(Collected data)

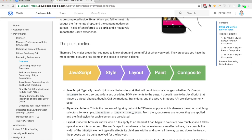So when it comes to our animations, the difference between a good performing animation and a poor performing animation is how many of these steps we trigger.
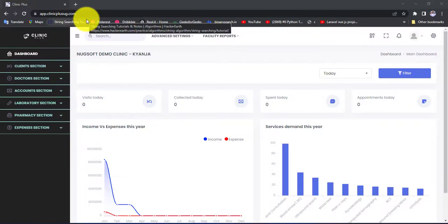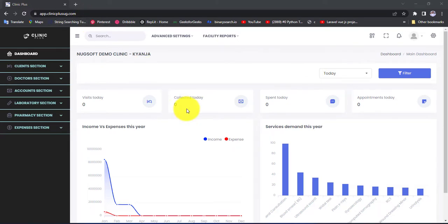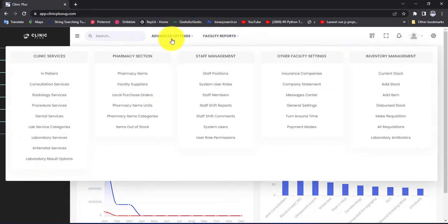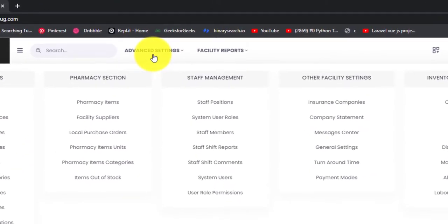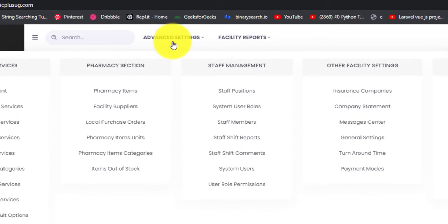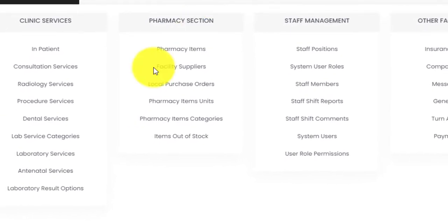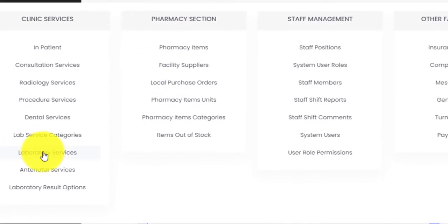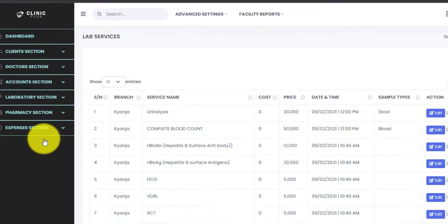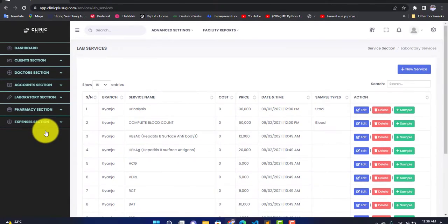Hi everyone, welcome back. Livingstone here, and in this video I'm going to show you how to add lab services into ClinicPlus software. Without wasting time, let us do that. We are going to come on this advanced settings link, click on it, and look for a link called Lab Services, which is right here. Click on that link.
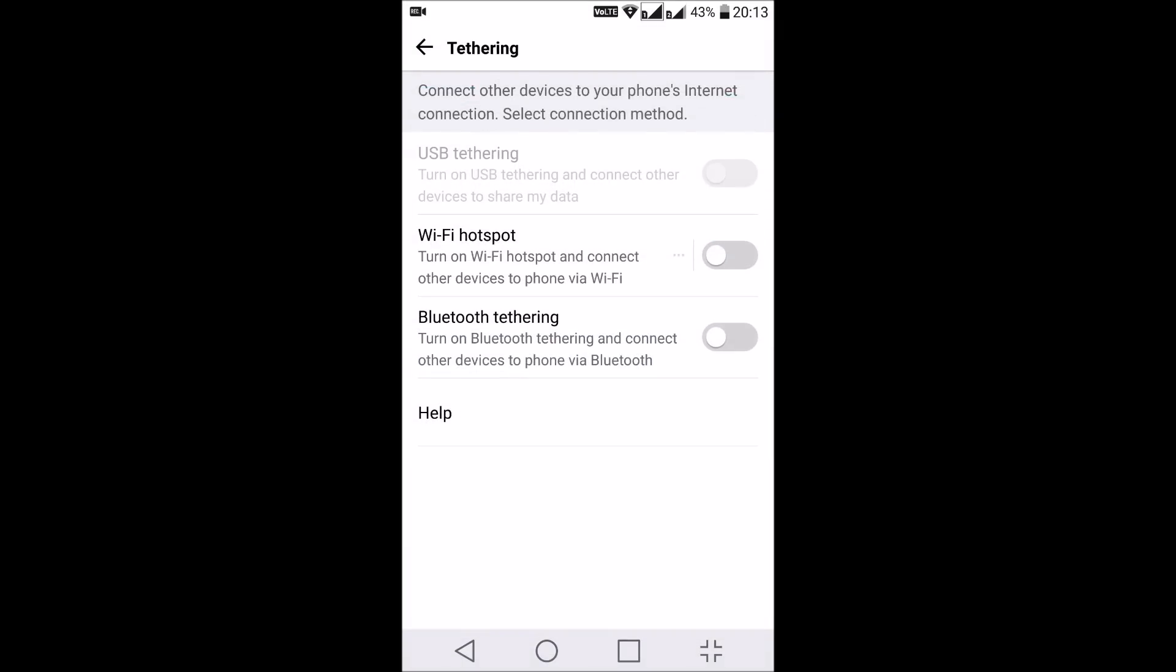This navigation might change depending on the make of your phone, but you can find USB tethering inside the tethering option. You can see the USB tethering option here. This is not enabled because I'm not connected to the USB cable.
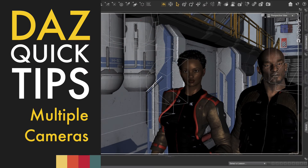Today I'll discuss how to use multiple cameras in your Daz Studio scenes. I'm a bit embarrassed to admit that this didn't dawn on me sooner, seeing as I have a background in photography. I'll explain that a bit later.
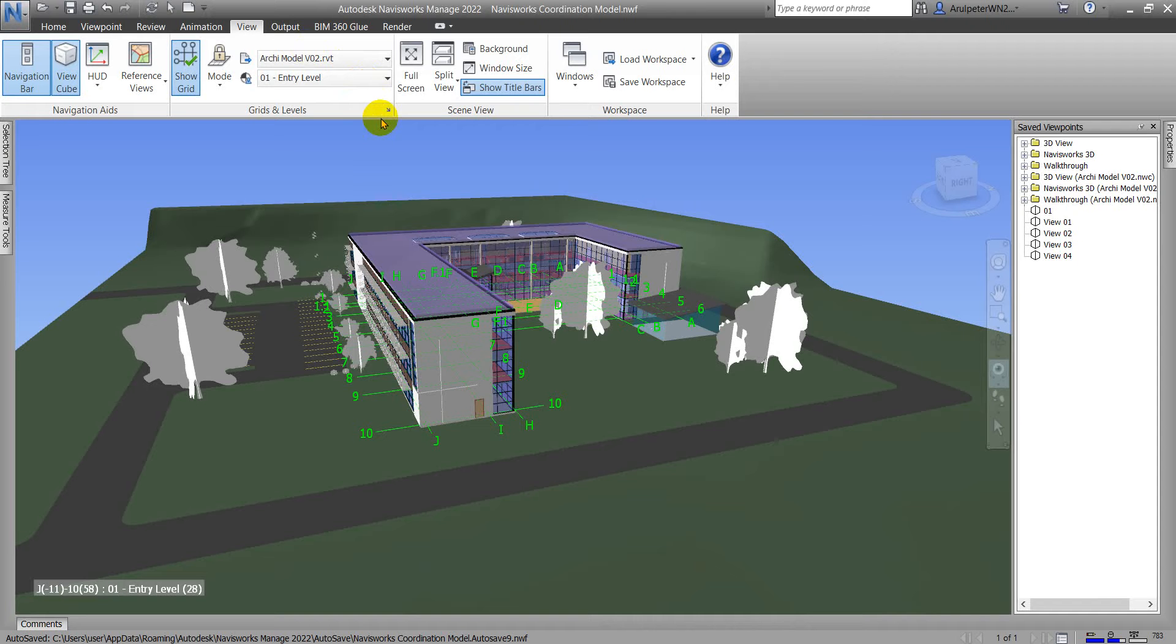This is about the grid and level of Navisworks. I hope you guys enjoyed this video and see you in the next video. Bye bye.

[Work to be completed]: Give back all the records as they stand, but with no pictures in the copy.

[Response to the task]:
So when it comes to our animations, the difference between a good performing animation and a poor performing animation is how many of these steps we trigger.
Hi everyone, welcome back. Livingstone here, and in this video I'm going to show you how to add lab services into ClinicPlus software. Without wasting time, let us do that. We are going to come on this advanced settings link, click on it, and look for a link called Lab Services, which is right here. Click on that link.
This navigation might change depending on the make of your phone, but you can find USB tethering inside the tethering option. You can see the USB tethering option here. This is not enabled because I'm not connected to the USB cable.
Today I'll discuss how to use multiple cameras in your Daz Studio scenes. I'm a bit embarrassed to admit that this didn't dawn on me sooner, seeing as I have a background in photography. I'll explain that a bit later.
This is about the grid and level of Navisworks. I hope you guys enjoyed this video and see you in the next video. Bye bye.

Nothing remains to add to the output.